In Inca times, these pools contained clear mountain waters and were deep
enough for full body emersion.
One must be entirely cleansed before approaching the altars of the
highest deity, the Sun God.
Numerous intricately crafted walls, constructed of perfectly fitted
stones, have angular niches designed to hold religious artifacts or special
offerings to the Sun God.
No cement was used to hold these walls together.
The Inca relied on the near perfect geometric design features.
You can see that the walls are built up like interlocking puzzles, the
blocks perfectly fit together without the need for any cements.
At the Temple of the Sun, the exact purpose of the “Intihuatana” is
unknown. It is believed to have been some sort of an astronomical or
archaeological object. Most archaeological scientists think it was used for
determining the solstices by tracking the sun rays and reflecting them in
various ways.
Lucho used clever line drawings in the sand to explain the currently
accepted views about the Inca people’s knowledge of astronomical events.
He also pointed out the importance of this location in relation to the
other mountain land features in the vicinity.
The way the sun would appear against the other major peaks and the exact
distances between other important sites were all part of the Inca plan.
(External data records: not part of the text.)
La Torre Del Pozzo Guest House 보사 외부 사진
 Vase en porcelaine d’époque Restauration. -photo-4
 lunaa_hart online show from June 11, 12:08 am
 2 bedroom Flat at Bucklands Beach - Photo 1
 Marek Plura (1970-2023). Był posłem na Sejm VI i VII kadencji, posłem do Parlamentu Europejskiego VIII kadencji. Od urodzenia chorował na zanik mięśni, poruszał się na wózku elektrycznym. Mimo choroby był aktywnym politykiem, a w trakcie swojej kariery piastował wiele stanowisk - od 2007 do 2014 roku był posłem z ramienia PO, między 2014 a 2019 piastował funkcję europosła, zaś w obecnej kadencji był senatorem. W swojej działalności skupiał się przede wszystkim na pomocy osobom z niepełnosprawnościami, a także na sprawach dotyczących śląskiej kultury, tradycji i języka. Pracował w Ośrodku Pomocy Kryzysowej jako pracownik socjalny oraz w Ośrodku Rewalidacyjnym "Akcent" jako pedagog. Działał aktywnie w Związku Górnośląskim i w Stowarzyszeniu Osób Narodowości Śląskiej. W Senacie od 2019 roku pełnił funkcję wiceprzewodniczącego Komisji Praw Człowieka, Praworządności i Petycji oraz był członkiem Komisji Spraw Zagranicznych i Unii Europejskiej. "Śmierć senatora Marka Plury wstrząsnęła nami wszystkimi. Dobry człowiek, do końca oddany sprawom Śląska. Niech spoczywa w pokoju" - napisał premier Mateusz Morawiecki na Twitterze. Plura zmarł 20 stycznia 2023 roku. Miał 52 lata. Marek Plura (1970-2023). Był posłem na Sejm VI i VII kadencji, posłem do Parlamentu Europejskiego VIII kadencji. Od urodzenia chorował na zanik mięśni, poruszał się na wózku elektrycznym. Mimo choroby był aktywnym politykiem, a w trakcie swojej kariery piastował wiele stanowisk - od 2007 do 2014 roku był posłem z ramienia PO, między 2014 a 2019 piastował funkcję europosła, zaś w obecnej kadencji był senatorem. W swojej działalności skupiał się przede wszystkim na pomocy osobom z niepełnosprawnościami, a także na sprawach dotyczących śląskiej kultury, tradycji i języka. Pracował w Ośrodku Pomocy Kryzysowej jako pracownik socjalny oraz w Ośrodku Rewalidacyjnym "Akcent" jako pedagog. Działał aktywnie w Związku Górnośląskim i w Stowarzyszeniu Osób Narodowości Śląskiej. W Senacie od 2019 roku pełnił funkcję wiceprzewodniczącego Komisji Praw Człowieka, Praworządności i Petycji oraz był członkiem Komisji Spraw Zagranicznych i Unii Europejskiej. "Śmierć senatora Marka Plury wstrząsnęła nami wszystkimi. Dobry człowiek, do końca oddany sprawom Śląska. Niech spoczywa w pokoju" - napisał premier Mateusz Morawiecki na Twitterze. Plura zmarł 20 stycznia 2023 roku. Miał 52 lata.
His descriptions were fascinating.
Unfortunately,
the Písac “Intihuatana” stone was brutally smashed by the Spanish invaders.
This destruction happened to all of the sacred Inca stones, except for the Machu Picchu Intihuatana,
which the Conquistadores never found.
The footpaths and steep stair steps were physically demanding at these
high altitudes.
I am quite proud and pleased that Judy and I could do so well in these
elevations and locations.
Down in the valley, the town of Urubamba was selected for our lunch.
Included in the price of our tour, a nice buffet was open for our
enjoyment.
Everything was fresh and delicious.
Playing a variety of native Peruvian instruments, this Andean musician
entertained at the luncheon.
The pan flute is the main instrument of the region; there are many
different sizes and shapes that create a range of sounds and tones.
Other types of flutes, rain sticks, and shell rattles enriched the
musical experience.
After lunch, the tour continued to the next site.
Ollantaytambo
is an important Inca archaeological site some 60 kilometers northwest of Cusco
and is located at an altitude of 2,792 meters above sea level.
During the Inca Empire, Ollantaytambo was the royal estate of Emperor
Pachacuti who conquered the region, then built the town and the ceremonial
center. At the time of the Spanish conquest of Peru, it served as a stronghold
for Manco Inca Yupanqui, leader of the Inca resistance.
Up on Cerro Bandolista, a steep hill rising sharply from the town, the
Incas built their elaborate ceremonial center.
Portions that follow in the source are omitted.